DETAILED DESCRIPTION

User information involved in the present disclosure is authorized by a user or fully authorized by all parties. The expression "at least one of A, B, and C" includes the following cases: A exists alone, B exists alone, C exists alone, A and B exist concurrently, A and C exist concurrently, B and C exist concurrently, and A, B, and C exist concurrently.
Before explaining embodiments of the present disclosure in detail, some noun terms or abbreviations involved in the embodiments of the present disclosure are introduced firstly.
Karaoke sound effect: the Karaoke sound effect means that by performing audio processing on acquired vocals and background music, the processed vocals are more pleasing than the vocals before processing, and the problems of inaccuracy pitch of a part of the vocals and the like can be solved. In short, the karaoke sound effect is configured to modify the acquired vocals.

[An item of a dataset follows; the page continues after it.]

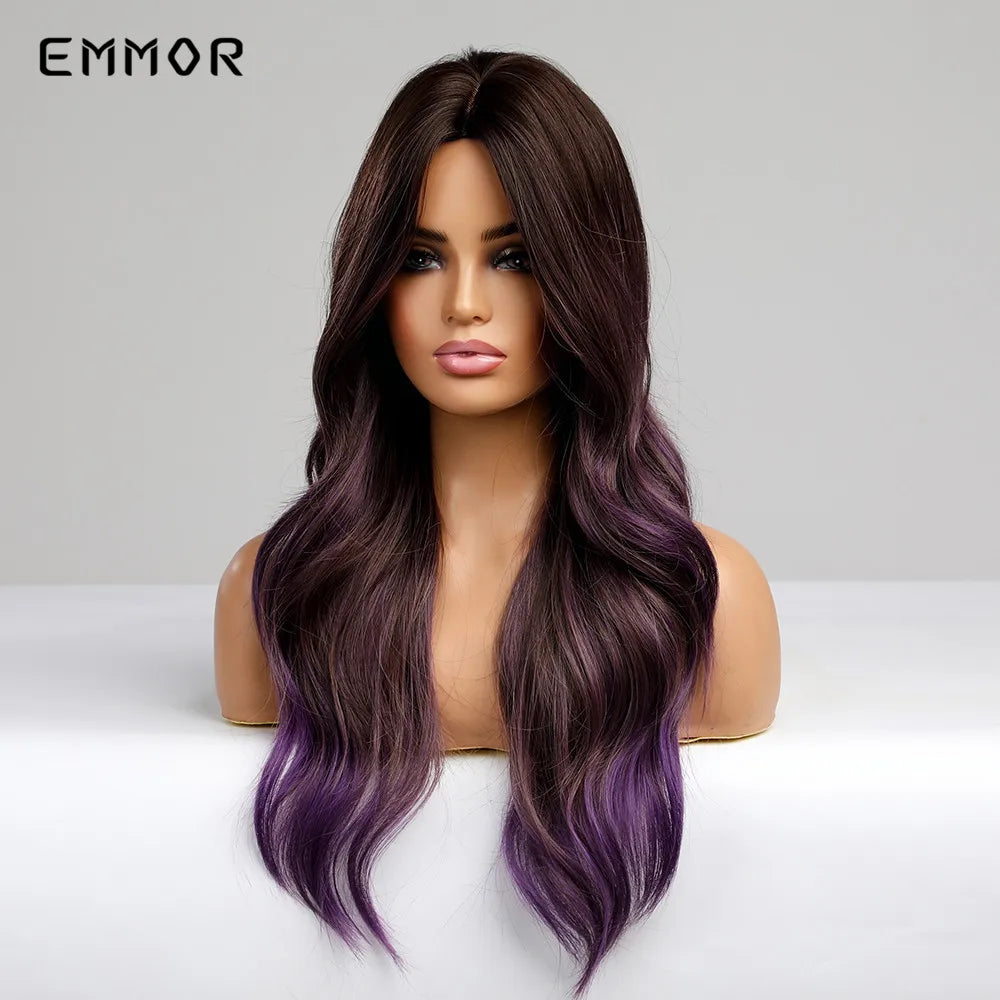 Ombre Dark Brown to Purple Wigs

Background music (BGM): short for accompaniment music or incidental music. Broadly speaking, the BGM usually refers to a kind of music for adjusting the atmosphere in TV series, movies, animations, video games, and websites, which is inserted into the dialogue to enhance the expression of emotions and achieve an immersive feeling for the audience. In addition, the music played in some public places (such as bars, cafes, shopping malls, or the like) is also called background music. In the embodiments of the present disclosure, the BGM refers to a song accompaniment for a singing scenario.

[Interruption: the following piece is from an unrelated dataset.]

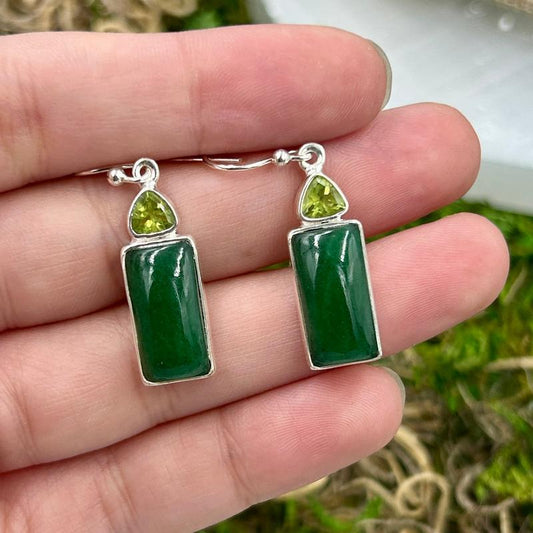 Rectangular Jade With Peridot French Hook Earrings || .925 Sterling Silver-Nature's Treasures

Short-time Fourier transform (STFT): a mathematical transform related to Fourier transform and configured to determine the frequency and phase of a sine wave in a local region of a time-varying signal. That is, a long non-stationary signal is regarded as the superposition of a series of short-time stationary signals, and the short-time stationary signal is achieved through a windowing function. In other words, a plurality of segments of signals are extracted and then Fourier transformed respectively. Time-frequency analysis characteristic of the STFT is that the characteristic at a certain moment is represented through a segment of signal in a time window.
Reverberation: sound waves are reflected by obstacles such as walls, ceilings, or floors during propagating indoors, and are partially absorbed by these obstacles during each reflection. In this way, after the sound source has stopped making sounds, the sound waves are reflected and absorbed many times indoors and finally disappear. Persons will feel that there are several sound waves mixed and lasting for a while after the sound source has stopped making sounds. That is, reverberation is the phenomenon of persistence of sounds after the sound source has stopped making sounds. In some embodiments, reverberation is mainly configured to sing karaoke, increase the delay of sounds from a microphone, and generate an appropriate amount of echo, thereby making the singing sounds richer and more beautiful rather than being empty and tinny. That is, for the singing sounds of karaoke, to achieve a better effect and make the sounds less empty and tinny, generally reverberation is artificially added in the later stage to make the sounds richer and more beautiful.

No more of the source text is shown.